薄膜太陽電池で合弁会社を設立した新日本石油の西尾進路社長(左)と三洋電機の佐野精一郎社長
薄膜太陽電池で合弁会社を設立した新日本石油の西尾進路社長(左)と三洋電機の佐野精一郎社長

三洋はこれまで独自開発の結晶シリコンとアモルファスシリコンのハイブリッド構造を持つHIT太陽電池を展開してきた。発電所向けなど大規模な太陽光発電に適した薄膜太陽電池のパートナーとしては新日本石油と組み、主に民生用途に適するHITについては今年度内に三洋と合併するパナソニックと協力することになる。

今回の合弁会社は2010年度内に200億円を投じて発電効率10%の80MW規模のマザープラントを三洋の薄膜開発センターがある岐阜県内に建設、さらに2015年度までにマザープラントをベースに1GW規模、2020年度には2GWの生産拠点を建設する予定という。1GW以降の量産プラントについては「国内外、どこでもよい。一極集中するか、需要のある例えば中近東など、需要のあるところに作るか、いつ展開すべきか、市場動向を見て新会社で詰めてゆく」と三洋の佐野精一郎社長は語る。

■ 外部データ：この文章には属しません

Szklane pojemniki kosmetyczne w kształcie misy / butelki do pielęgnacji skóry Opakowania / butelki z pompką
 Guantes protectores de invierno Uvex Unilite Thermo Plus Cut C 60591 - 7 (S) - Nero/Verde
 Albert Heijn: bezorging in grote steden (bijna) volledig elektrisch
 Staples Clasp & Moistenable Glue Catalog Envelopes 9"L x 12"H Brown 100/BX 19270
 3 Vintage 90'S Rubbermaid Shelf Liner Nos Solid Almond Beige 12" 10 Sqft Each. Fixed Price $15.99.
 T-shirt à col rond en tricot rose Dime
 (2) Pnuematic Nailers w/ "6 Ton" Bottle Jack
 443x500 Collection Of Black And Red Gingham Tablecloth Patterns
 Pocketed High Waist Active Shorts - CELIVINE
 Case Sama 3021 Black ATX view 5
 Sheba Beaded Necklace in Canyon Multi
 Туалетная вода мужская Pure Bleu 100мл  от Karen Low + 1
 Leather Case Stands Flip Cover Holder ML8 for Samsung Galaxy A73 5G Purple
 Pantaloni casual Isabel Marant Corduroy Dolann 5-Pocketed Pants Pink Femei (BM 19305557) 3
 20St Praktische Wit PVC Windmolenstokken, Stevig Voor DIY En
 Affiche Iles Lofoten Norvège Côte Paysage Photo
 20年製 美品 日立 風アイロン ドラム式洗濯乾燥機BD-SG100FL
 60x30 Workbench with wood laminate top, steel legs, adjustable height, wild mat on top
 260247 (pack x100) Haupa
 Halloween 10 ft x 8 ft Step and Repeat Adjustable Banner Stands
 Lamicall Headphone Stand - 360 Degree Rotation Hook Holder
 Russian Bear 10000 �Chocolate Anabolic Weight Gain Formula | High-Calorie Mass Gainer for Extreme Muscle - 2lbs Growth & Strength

三洋のHIT太陽電池は実験室レベルで22.3%、量産品で19.7%の変換効率を達成しているという。三洋の太陽電池技術開発は1975年のアモルファス太陽電池から始まり、途中で事業としてはハイブリッドのHIT太陽電池に分岐したが、薄膜シリコン太陽電池についても研究開発を継続、モジュールとして実験室レベルでは10%を達成しているという。また薄膜太陽電池と同じプロセスを用いるHIT太陽電池を年産300MW以上生産しており、本格的な薄膜太陽電池への取組みにあたって「効率、生産技術、実績、すべてにおいて他社を圧倒している」と三洋の佐野社長はその強みを強調した。

薄膜太陽電池は石油精製・販売から総合エネルギープロバイダーを目指す新日本石油にとっても、石油事業で培ったハンドリング技術は直接、薄膜電池の材料であるシラン・ガスの供給に活用でき、また、中東など産油国とのパイプをインフラ向けの薄膜太陽電池の販売に活用できる。この不況下で新規事業を立ち上げるにあたっても、「今の景気がどうだというよりも、この事業は2020年、2050年に続く事業と考えている。景気はその間に回復してくるはずで、特段懸念してはいない」と新日本石油社長の西尾進路氏は述べる。

薄膜太陽電池については、多くの新規参入メーカーが生産計画を発表しているが、「ターンキーで設備を入れてスタートしても、難しい」と三洋の研究開発本部長の津田信哉氏は指摘する。「固まった技術であればよいが、この分野は変化し、成長してゆく分野。我々は30年培った技術の蓄積があり、その技術力が効いてくる」と自信をみせた。